Time Critical Process in .NET

  • Thread starter Thread starter Charles Law
  • Start date Start date
C

Charles Law

Hi guys

I have a time critical process, running on a worker thread. By "time
critical", I mean that certain parts of the process must be completed in a
specific time frame. The time when the process starts is not especially
important, but it must be complete within a small number of seconds.

The operations I am performing do not take a long time (hundreds of
milliseconds), but as each part of the process is complete, my worker thread
raises an event that is handled by the UI thread, to update a rich text
control with details of the completed operation. I am using a rich text box
so that when a failure occurs I can colour the message red.

The problem I have is that sometimes, for no apparent reason, a step in my
process takes an inordinate amount of time, e.g 2.5 seconds instead of
perhaps 300 ms. When this happens, the complete process overruns my time
frame, and it has to be repeated. When I repeat the process there is every
chance that it completes in a realistic time, and all is well. If I stop
outputting to the screen, I do not get the problem.

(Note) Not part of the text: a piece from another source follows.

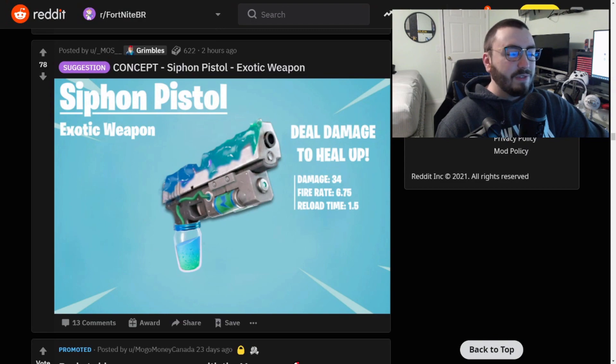Concept: Siphon Pistol. It's an exotic weapon - you deal damage to heal up. That's actually really cool. I like that it's a regular pistol, and I love the slurp juice handle, because you can't have a weapon that's overpowered while healing you at the same time. I could see you knocking somebody and going bang bang bang while they're down. That's an awesome idea. I can't believe that's never been thought of before.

When updating the screen on the UI thread, I use BeginInvoke, to marshal the
operation to the correct thread, and so as not to hold up the worker thread,
but this does not seem to help.

I realise that Windows (XP in this case) is not the ideal o/s for this type
of application, but does anyone have any ideas about how I could make my
application more deterministic? I am not certain what is going on in these
2.5 seconds, so it might be useful if I could find out, but I am not sure
how I would do that.

TIA

Charles
 
Charles,

You get my almost standard answer (however a little bit more, so don't
direct stop reading).

When one thread depends from another thread than you can not use
multithreading (Or you should use optimistic multiprocessing however than we
come in a complete other area).

However when you are able to bring the dependend process to the
workerthread, than you have fulfiled again on this condition.

Cor
 
Hi Cor

I thought that I was removing the dependency by using BeginInvoke.

I need the critical process to be performed on a separate thread so that the
UI remains responsive, and of course I cannot update the screen on the
worker thread for the usual reason.

I was wondering if there was a way of making essential parts of my process
not interruptible, so that I know that they will always execute in one go,
without being switched out of context. Also, is there a way of stopping the
GC from doing its thing at key times, as I fear this may also be causing
arbitrary delays?

Charles
 
Cor Ligthert said:
Charles,

You get my almost standard answer (however a little bit more, so don't
direct stop reading).

When one thread depends from another thread than you can not use
multithreading (Or you should use optimistic multiprocessing however than
we come in a complete other area).

No!!! Doing lengthy calculations in a background thread and displaying the
results in a GUI thread is an absolutely common multithreading situation.
Almost any serious multithreading task I can think of involves some kind of
inter-thread communication/synchronization.

To the OP: You'll never be able to guarantee an upper limit of your
execution time, but that's mainly due to HD swapping, buggy drivers or
non-cooperative realtime processes. If none of that happens, your best bet
is to find out *what* happens. (But you already knew that).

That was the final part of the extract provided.